* [Data]
____

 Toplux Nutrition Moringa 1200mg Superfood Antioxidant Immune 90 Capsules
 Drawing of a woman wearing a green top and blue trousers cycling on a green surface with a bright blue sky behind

____

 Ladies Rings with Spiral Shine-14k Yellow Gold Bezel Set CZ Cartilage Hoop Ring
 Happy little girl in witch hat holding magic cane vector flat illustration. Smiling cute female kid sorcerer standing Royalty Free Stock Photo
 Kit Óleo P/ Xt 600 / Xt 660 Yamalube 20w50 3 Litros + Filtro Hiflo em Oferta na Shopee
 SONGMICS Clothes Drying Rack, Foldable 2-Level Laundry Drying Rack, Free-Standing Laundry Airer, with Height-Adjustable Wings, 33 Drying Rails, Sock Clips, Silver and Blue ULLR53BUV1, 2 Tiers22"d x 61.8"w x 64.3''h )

____

* [Your instructions] Copy out only the lines above from the one with "Toplux Nutrition Moringa" to the one with "Drawing of a", inclusive, exactly as they stand.

* [Response area]
 Toplux Nutrition Moringa 1200mg Superfood Antioxidant Immune 90 Capsules
 Drawing of a woman wearing a green top and blue trousers cycling on a green surface with a bright blue sky behind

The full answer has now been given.